Si interessa, fino dalla più giovane età, dei problemi inerenti la prassi esecutiva della musica antica secondo le modalità più autentiche desunte dall'antica trattatistica.
Specializzato nell'esecuzione del repertorio barocco, ha preso parte, in qualità di solista, ad importanti rassegne concertistiche in numerose sedi italiane, nonché in Germania, Svizzera e Francia, riportando lusinghieri commenti di pubblico e di critica, e ha fatto parte della commissione giudicatrice di diversi concorsi nazionali di esecuzione organistica.

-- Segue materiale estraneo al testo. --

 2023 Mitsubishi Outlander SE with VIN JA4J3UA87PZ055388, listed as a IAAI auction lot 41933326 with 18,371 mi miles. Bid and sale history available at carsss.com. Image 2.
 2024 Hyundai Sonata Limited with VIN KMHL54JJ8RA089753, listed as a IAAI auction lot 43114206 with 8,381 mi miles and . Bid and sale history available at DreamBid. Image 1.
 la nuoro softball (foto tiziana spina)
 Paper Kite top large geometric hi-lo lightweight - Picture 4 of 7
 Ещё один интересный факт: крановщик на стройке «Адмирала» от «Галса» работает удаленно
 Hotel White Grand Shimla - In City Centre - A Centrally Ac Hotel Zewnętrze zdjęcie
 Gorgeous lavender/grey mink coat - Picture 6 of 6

Ha al suo attivo articoli di carattere musicologico presso riviste musicali, un saggio introduttivo sul canto gregoriano, l’opera “Sistemi musicali e temperamento, con una guida ai calcoli matematici e alla soluzione dei problemi fondamentali, grafici e procedure di programmazione del foglio elettronico”, studio di carattere teorico-matematico sull’accordatura e i temperamenti storici giudicato degno di apprezzamento dal Consiglio Nazionale delle Ricerche, e una serie di seminari sulla prassi esecutiva barocca e le “Invenzioni” di J.S. Bach, che ha tenuto presso diversi Istituti musicali.
Particolarmente interessato alla sperimentazione e innovazione didattica, ha personalmente elaborato numerose nuove metodologie didattiche originali inerenti la tecnica e l’interpretazione sui differenti strumenti a tastiera, la composizione basata sull’analisi del repertorio, e la realizzazione del basso continuo seguendo la prassi più autentica ed attestata.

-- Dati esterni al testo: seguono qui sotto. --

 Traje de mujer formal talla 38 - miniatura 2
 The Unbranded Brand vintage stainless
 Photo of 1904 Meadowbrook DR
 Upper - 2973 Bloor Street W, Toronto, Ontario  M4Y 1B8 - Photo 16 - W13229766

Presso il Conservatorio di Mantova, ove è titolare della cattedra di Organo e composizione organistica, ha ideato e svolge, tra i primi in Italia, a partire dal 1993, un programma sperimentale riconosciuto dall’Istituto Regionale di Ricerca, Sperimentazione e Aggiornamento Educativi della Lombardia e dal Ministero della Pubblica Istruzione, che amplia notevolmente il repertorio esecutivo e coinvolge gli allievi fino dai primi anni di corso nello studio dei brani organistici sulla base delle differenti convenzioni esecutive di ogni epoca.
Nella progettazione dei nuovi programmi di Triennio e Biennio superiori di Organo ha introdotto, accanto a materie tratte dai piani di studio delle migliori Istituzioni di Alta Formazione Musicale estere, numerose attività formative, molte delle quali tiene personalmente, che prevedono tra l’altro la lettura degli antichi trattati di prassi esecutiva e di basso continuo, la storia, teoria e pratica delle principali tecniche didattiche, interpretative e di memorizzazione, la pratica del repertorio a 4 mani, di insieme, e con orchestra, la musica contemporanea, la teoria e pratica dell’accordatura e del temperamento, l’improvvisazione e l’ornamentazione estemporanea, stages organologici, conferenze, ascolti guidati con raffronti interpretativi, lo studio della concezione e collocazione liturgica del repertorio bachiano, oltre alla trattazione di tematiche musicologiche.